Sunk into the natural slope, the 100m long concrete volume surfaces only as a low, blank wall topped with grass - a military stronghold defending its secrets.
The program is split into two independent volumes:
_ generic office space for lease, underneath the front lawn, whose outline follows the property line;
_ data center and its administrative offices, a perfect rectangle.
Both respect the same altitude: 1,5m above street level: they vanish into the surrounding banality while the view extends over into the countryside behind.
A trench between them serves as the common entrance for staff and clients - an outdoor area, invisible from street level, defined and protected by their facades. A lower level behind the data center volume is dedicated to logistical needs.
Altogether the volumes share a minimalistic material palette: prefabricated concrete, curtain wall, steel grates, each made to serve their purpose in an straightforward manner: glass for people, concrete for datas and the portcullis between them, the grates.
If discretion is a programmatic need, it is also a pertinent answer to the peripheral context - a sad competition of architectural indigent pretentions. The data center is mute and efficient, nothing more than a military-industrial complex.
Yet such radical functionality does not prevent sequenced and vivid experiences throughout daily use: _ the grated-lined tunnel cutting through the volumes,
_ the secret doors which at times hide offices behind or reveal meeting rooms,
_ exposed technical ceilings and white-ish carpet,
_ glamorous glass partitions and vertical blinds (white-ish too),
_ the lift sinking into the dark infrastructural depth,
_ an immaculate corridor leading to the data-racks - holly of hollies.
This staging of spaces, somewhat harsh, evokes a naive reading of middle-age castles, a generic sci-fi movie, something a little weird and a little playful.
The building, as an experience, embodies the very nature of its brief: a securitarian and technological machine as much as its own theatrical staging, slightly vintage since architecture does not reach the speed of optic fibre ; modern efficiency and post-modern narrative at once.
A prefabricated concrete structural system, made up of standard wall and slab elements, defines the core of the data center; an obvious choice due to its quick and cost-efficient nature. No less obvious is the protection such a structure offers against physical breaches nor the restraint of its material expression: the value is inside the box, not in the box itself. Aluminium curtain walls follow suit in the consequent use of standard means of construction.

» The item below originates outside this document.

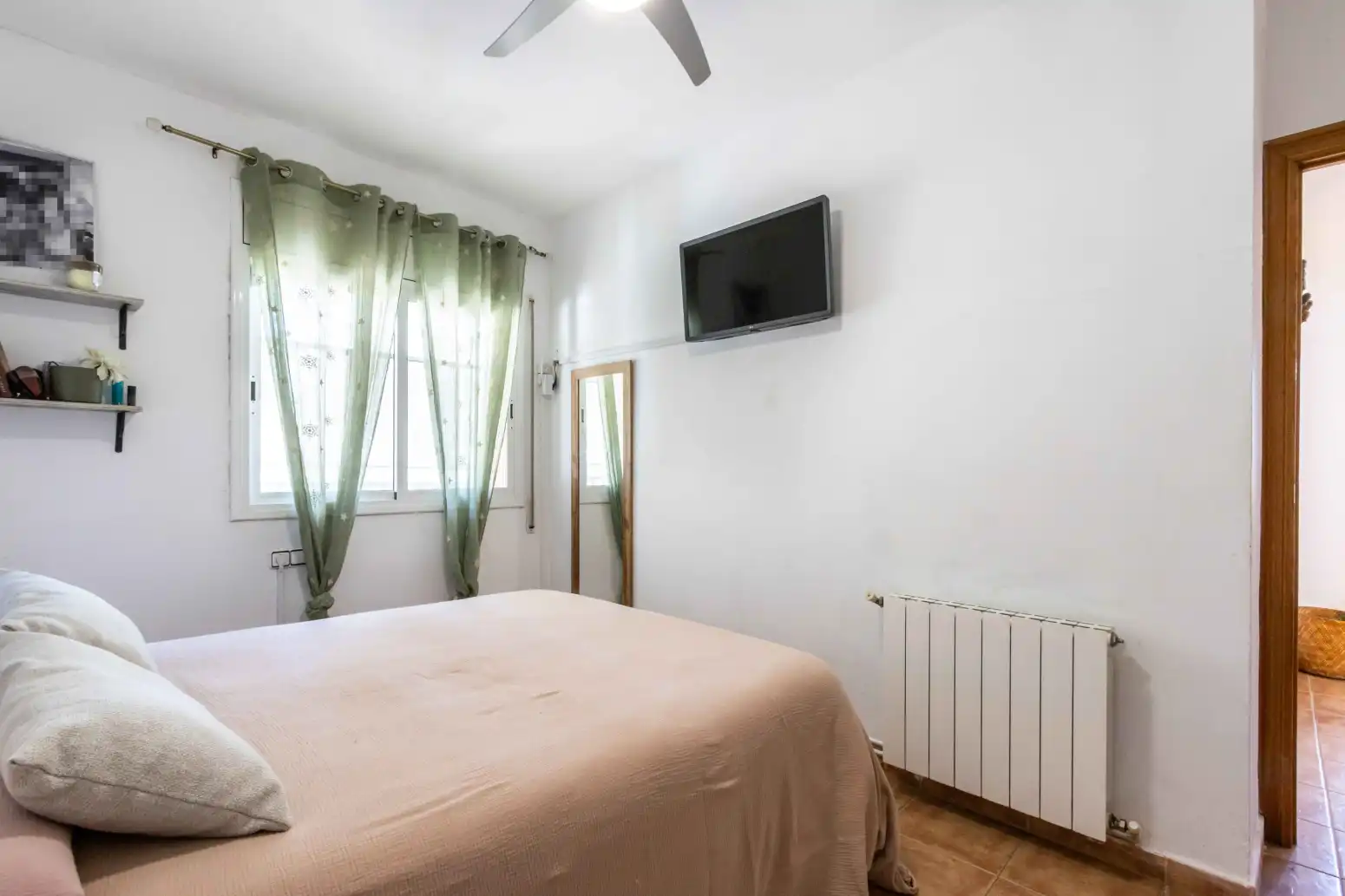 Dormitori de Casa o xalet en venda en Viladecavalls amb Jardí privat i Moblat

As do technical floors and ceilings, both allowing for future adaptations to happen easily.
A careful attention to details enables these banal systems to come together, while the simple array of finishing materials makes room for people and time to pass by.
A consequent take on efficiency, once more, generates both a rational approach to construction as well as vivid effects.
Aside the building tectonics, technical means improve the environmental impact of the building: heat recovery from the data-racks to heat up offices; large array of solar panels on the roof, rain water collection for in-building use. But it is not exhibited, it is just done.